ANGOURIE Rice was just 11 years old when she was plunged into the gruesome, nihilistic world of Zak Hildithch’s Australian apocalypse horror These Final Hours.

Surrounded by acts of sexual impetuosity and reckless violence, Rice’s character (Rose) and her unlikely partner – 30-something anti-hero James (Nathan Phillips) – traverse this crumbling landscape in search of a meaningful family connection before the world comes to an end.

At one point, Rose is drugged by a distraught woman who believes the youngster to be her daughter and is taken into a swimming pool to be drowned.
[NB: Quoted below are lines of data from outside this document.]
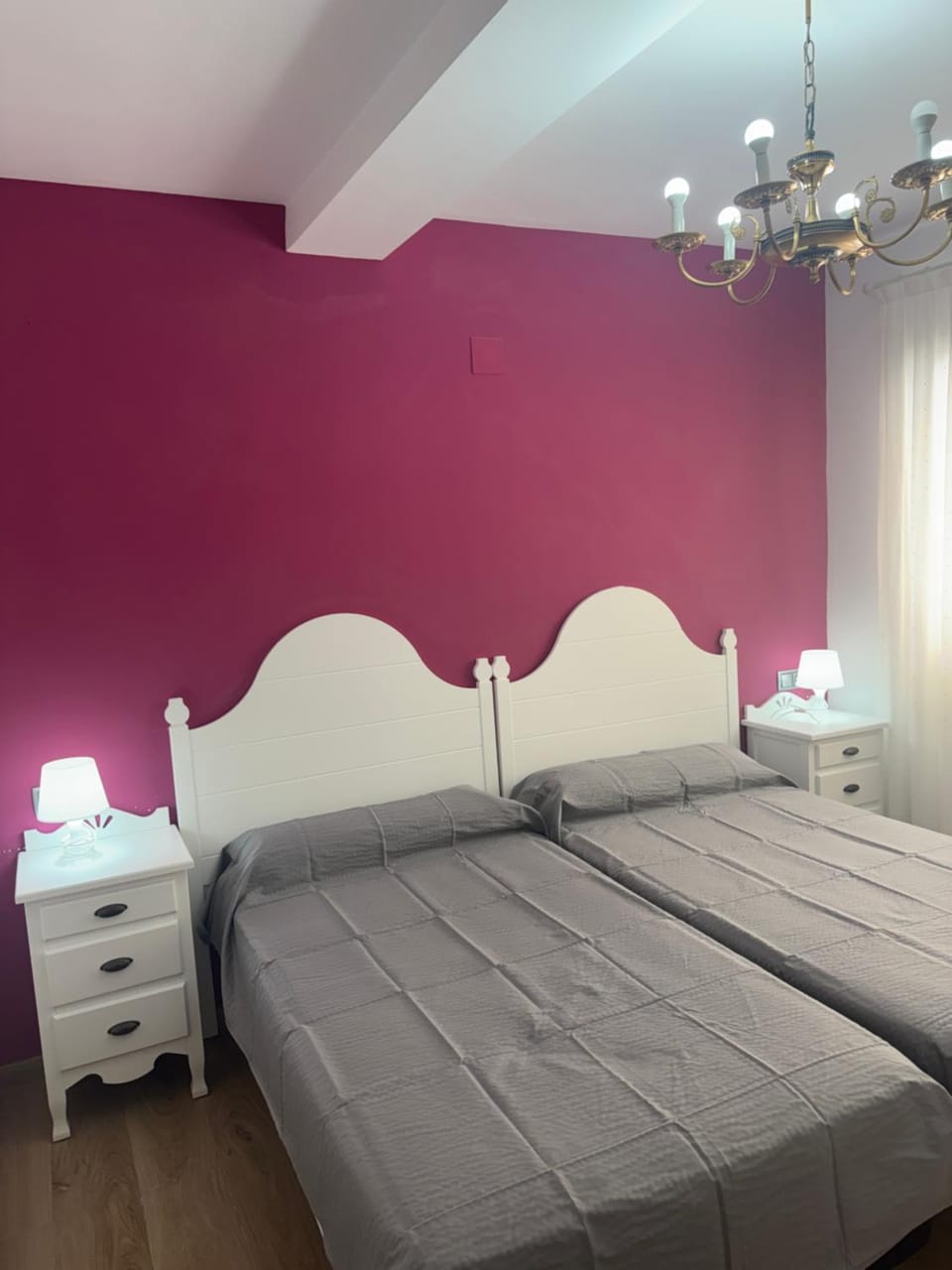 Dalia Somhome Apartment in Peniscola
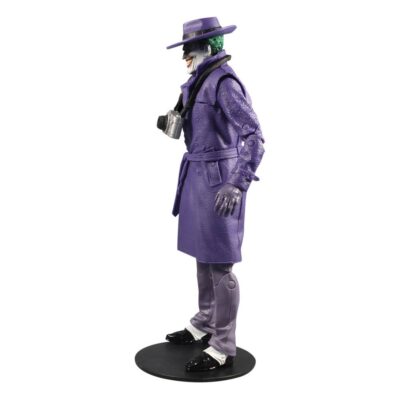 The Joker The Comedian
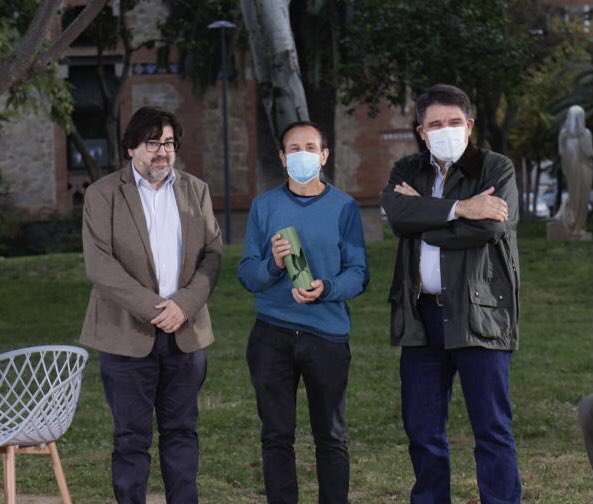 PerePons11's tweet photo. Les ADF fan multitud d’actuacions de prevenció com arreglar punts d’aigua o estassar el bosc però pocs cops es valora el seu arrelament en el territori i les múltiples activitats socials en les que participen per aquesta implicació #premisADF2021 @juntsxcatdiba https://t.co/pt5wcdiz6y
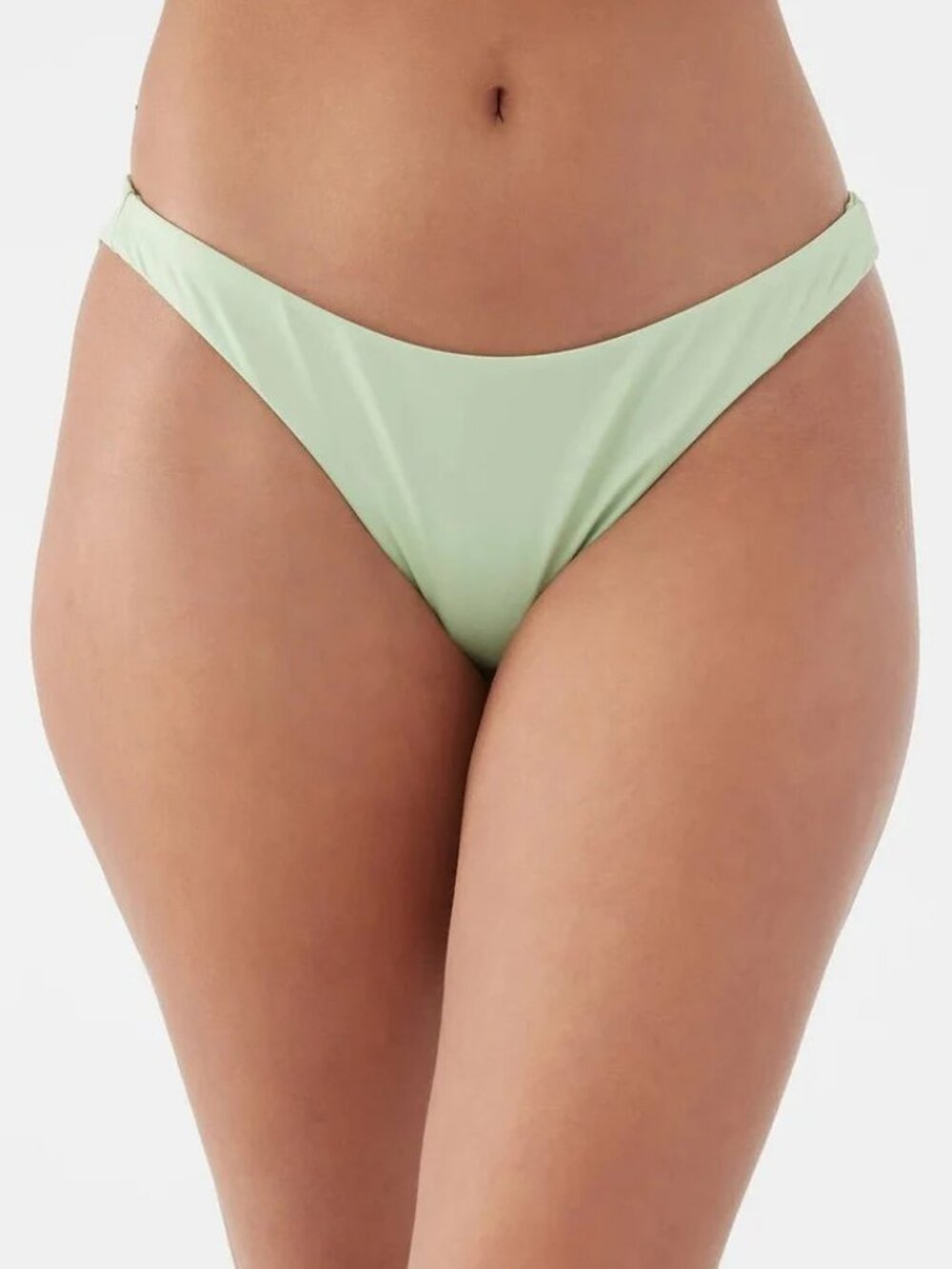 O'Neill Saltwater Solids Hermosa Bottom - Oasis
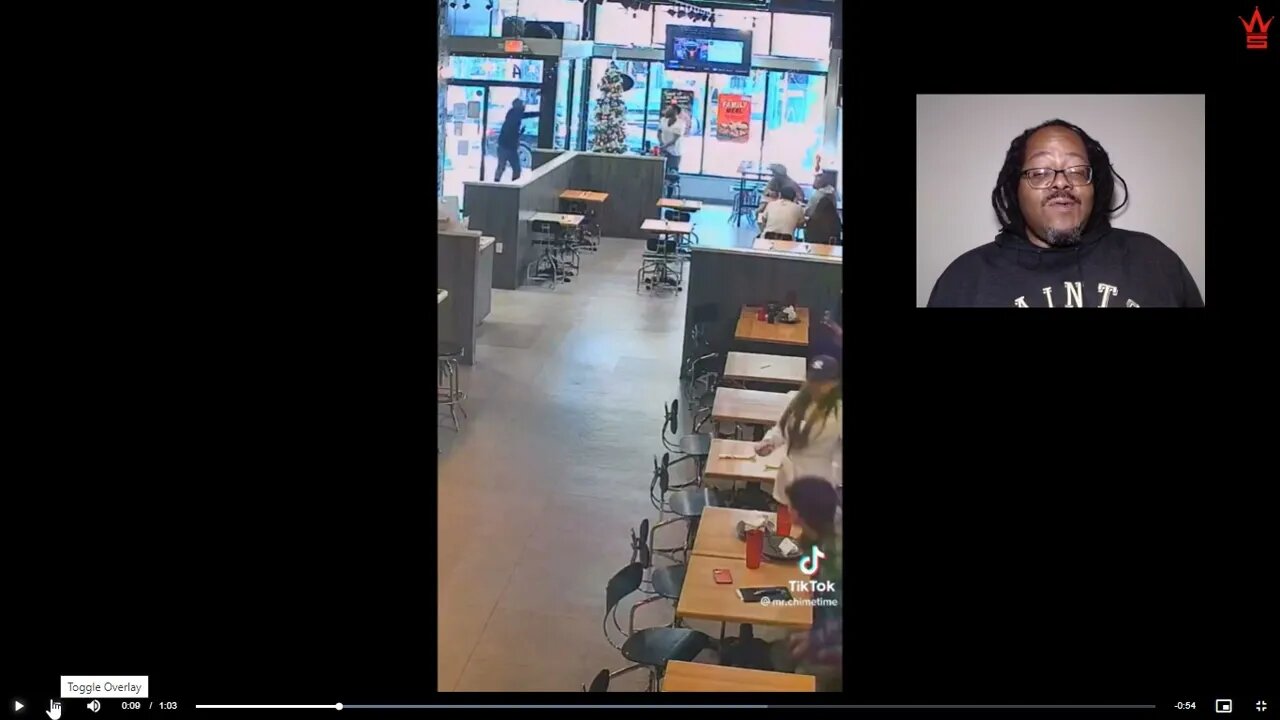 Stay Ready At All Times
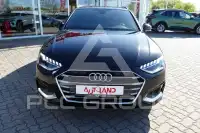 2019 Audi A4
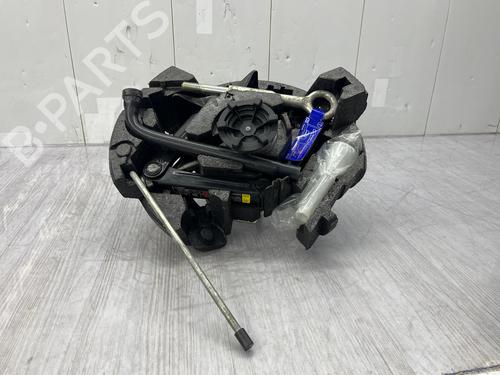 Used Jack Kit Jack Kit 38549358 38549358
An innocence-corrupting sequence that is almost too hard to watch (how could they do anything this cruel such an adorable young girl?) as it inches towards an unthinkable conclusion.

The chaos of the These Final Hours was probably a fitting introduction for Rice to an industry – and accompanying press – that has been known to treat its young stars with the type of ruthless moral abandonment found in apocalypse flicks. The sacrificial public drowning of once beloved and fresh-faced child stars, often corrupted by intoxicants like Rose, is an all too common tale.

THESE FINAL HOURS, from left: Nathan Phillips, Angourie Rice, 2013. Ph: David Dare Parker/©Well Go
These Final Hours

Yet six years on from Hildithch’s film, Rice appears to have navigated such precarious ground with a composure of choices that would make Rose proud.

Now 17, Rice shines front-and-centre in the lead role of Michael Sucsy’s teen fantasy-romance Every Day. A film that follows charming high-schooler Rhiannon (Rice) as she falls in love with the soul of a person that enters a new body every day.

Every Day (read our review) is teen romance at its sparkling best. In it, Rice is given a platform to show off her effervescent skill up against a diverse selection of actors who carry the voice of Rhiannon’s love-interest – A. Rice gives a genial and honest core to the film that ensures this difficult book-to-film project works – and retains a charm many adaptations lose somewhere along the way.

Those who saw Rice in 2016’s The Nice Guys will not be surprised. In Shane Black’s film the Aussie teen held her own with Hollywood big-hitters Ryan Gosling and Russell Crowe, bringing a wise-cracking charisma to steal every scene she popped up in.

Off the back of this impressive performance, The Guardians’ Peter Bradshaw even predicted she would be playing a Marvel superheroine in the next few years. Not yet – although did appear in Spider-Man: Homecoming last year – but you can certainly see Bradshaw’s prediction coming true in the near future. Rice has a talent for smart mouth material that would see slot her nicely into the Marvel Universe post-Infinity Wars.

Also in 2017, Rice took a role in the remake of Don Siegel’s 1971 film The Beguiled. This gave her an opportunity to work with fellow young female actors such as Oona Lawrence and Elle Fanning, while being around the wiser heads of Sofia Coppola, Kirsten Dunst and fellow Aussie Nicole Kidman. An experience that should be invaluable in steering Rice down the right path – both in front of and behind the camera.

We can only hope that child actors transition successfully and safely into adulthood. Especially an actor like Rice who seems to have avoided tabloid exploitation and has instead been able to blossom as a performer with the kind of endearing vibrancy she displays in Every Day.  

The early signs are promising. I, for one, predict Rice will not only keep her head above water in Hollywood’s difficult landscape, but thrive as one of her generation’s best actors.

Every Day arrives in UK cinemas Friday April 20.